TUTUKLUNUN - Almanca'ya çeviri

Gefangenen
mahkumlar
mahkum
tutsak
tutuklu
esirleri
esir
yakalanan
Häftlinge
mahkûm
tutuklu
mahkumu
tutsak
Gefangene
mahkumlar
mahkum
tutsak
tutuklu
esirleri
esir
yakalanan
Häftlingen
mahkûm
tutuklu
mahkumu
tutsak

Tutuklunun Turkce kullanımına örnekler ve bunların Almanca çevirileri

{-}
  • Colloquial category close
  • Ecclesiastic category close
  • Ecclesiastic category close
  • Programming category close
  • Computer category close
Tutuklunun avukatı olmadığı yerde,
Wo der Gefangene keinen Anwalt hat,
Bu üç siyasi tutuklunun işlediği tek“ suç”,
Das einzige"Verbrechen" dieser drei politischen Gefangenen ist die Kritik
Tutuklunun bir diğer arkadaşı… Trene yetişememe nedeninin olduğuna inanmamız bekleniyor… olan Profesör Godbolenin ibâdet etmesi.
Schenken wir seiner Aussage Glauben, verpasste er den Zug, weil ein weiterer Freund des Angeklagten, Professor Godbole, ausgiebig seine Gebete sagte.
Brendanın tutuklanmasından 5 gün sonra, Stevenın nişanlısı, Jodi, Alkollü araba kullanmaktan 7 ay yattığı Manitowoc ilçesi hapishanesinden salındı.
Fünf Tage nach Brendans Verhaftung wird Stevens Verlobte Jodi aus dem Bezirksgefängnis entlassen.
O halde neden Underwoodun tutuklanması için övgüyü FBIın almasına izin veriyorsun?
Warum gibst du dem FBI dann die Lorbeeren für die Festnahme von Underwood?
Baban tutuklandığında seni Lodge Endüstrinin yasal varisi yaptık.
Als dein Vater verhaftet wurde, haben wir dich zur Rechtsreferentin von Lodge Industries gemacht.
Norman Batesin tutuklandığını niye bana söylemedin?
Warum hast du mir nicht gesagt das Norman Bates verhaftet wurde?
O yüzden tutuklandım, değil mi?
Deshalb wurde ich verhaftet.
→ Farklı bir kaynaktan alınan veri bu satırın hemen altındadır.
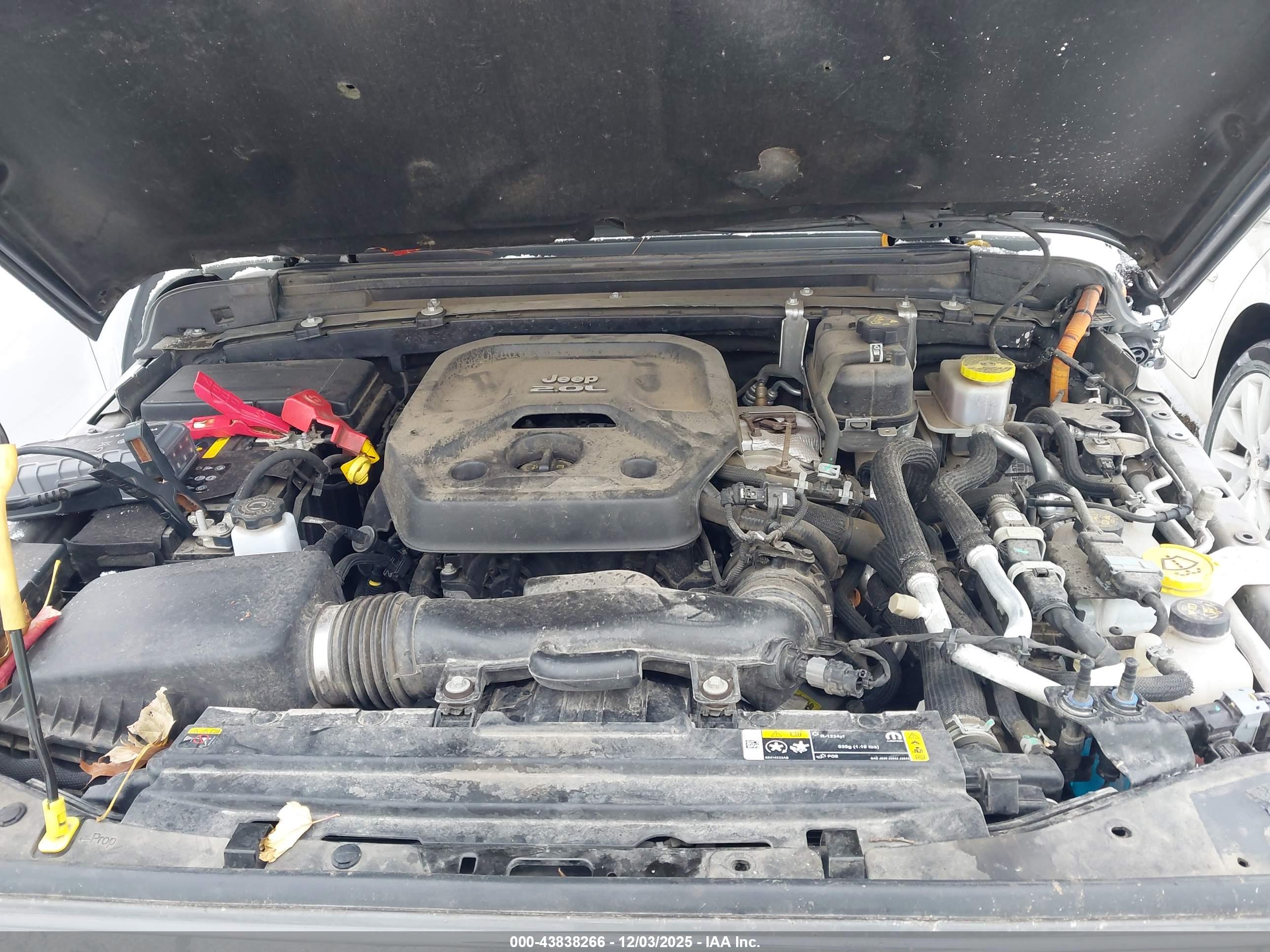JEEP WRANGLER image 10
Oder nicht?
Chrisin tutuklanmasından beri Birmanlar sıkı savunma gösteriyorlar.
Die Burmesen haben seit Chris' Verhaftung gemauert.
Erdoğan içkili araba kullanmaktan tutuklandı. Mayıs 2009. Mussi Kartal mı?
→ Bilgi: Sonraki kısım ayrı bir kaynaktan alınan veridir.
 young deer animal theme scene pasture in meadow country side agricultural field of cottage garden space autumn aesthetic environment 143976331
Erdogans verhaftung trunkenheit am steuer, mai 2009?
Birlikte çalışıp, muhasebecimin neden tutuklandığını ve benim de topun ağzında olup olmadığımı bulun.
Arbeiten Sie zusammen und finden Sie heraus, warum mein Buchhalter verhaftet wurde, und ob ich verhaftet werde..
Gatiss tutuklandı mı?
Ist Gatiss in Haft?
Tüm kaçaklar tutuklandı, hanımefendi.
Alle Illegalen sind in Gewahrsam.- Gut.
İçimizden yüzlerce kişi Cylonlar tarafından toplandı tutuklandı, sorguya çekildi, işkence gördü.
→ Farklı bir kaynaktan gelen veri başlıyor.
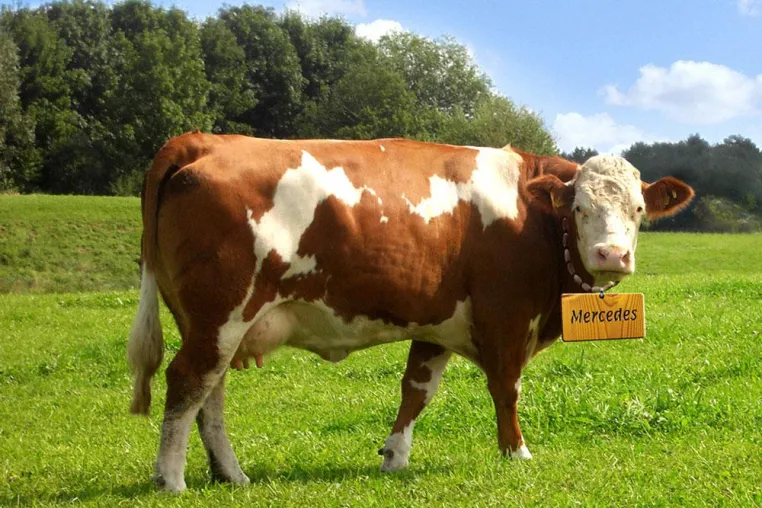 Wenn Bertas Kälbchen Bluna heißt Bild: Wenn Bertas Kälbchen Bluna heißt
Hunderte von uns wurden von den Zylonen zusammengetrieben,… inhaftiert, befragt, gefoltert.
Tutuklanmadan önce Luciano ağzından kaçırdı.
Luciano gestand es mir vor meiner Verhaftung.
Tüm birimlerin dikkatine Wilson Fisk tutuklandı. 46. ve 10. sokağın kuzey kısmındayım.
Melde, Wilson Fisk in Gewahrsam, Nordallee 46 und 10.
Konu şu ki, Brooke tutuklandı ve sen onun iş ortağı ve annesisin.
Es geht darum, dass Brooke verhaftet wurde, und du bist ihre Geschäftspartnerin und ihre Mutter.
Hodges neden tutuklandı öğrenebildin mi?
Haben Sie herausgefunden, warum Hodges verhaftet wurde?
SS subaylarının tutuklanmasından siz sorumlusunuz General.
Sie verantworten die Verhaftung der SS-Offiziere. General Hausner.
O adam tutuklanmadan dakikalar önce… memurlarımdan birini öldürdü.
Minuten vor der Verhaftung tötete der Mann einen meiner Offiziere.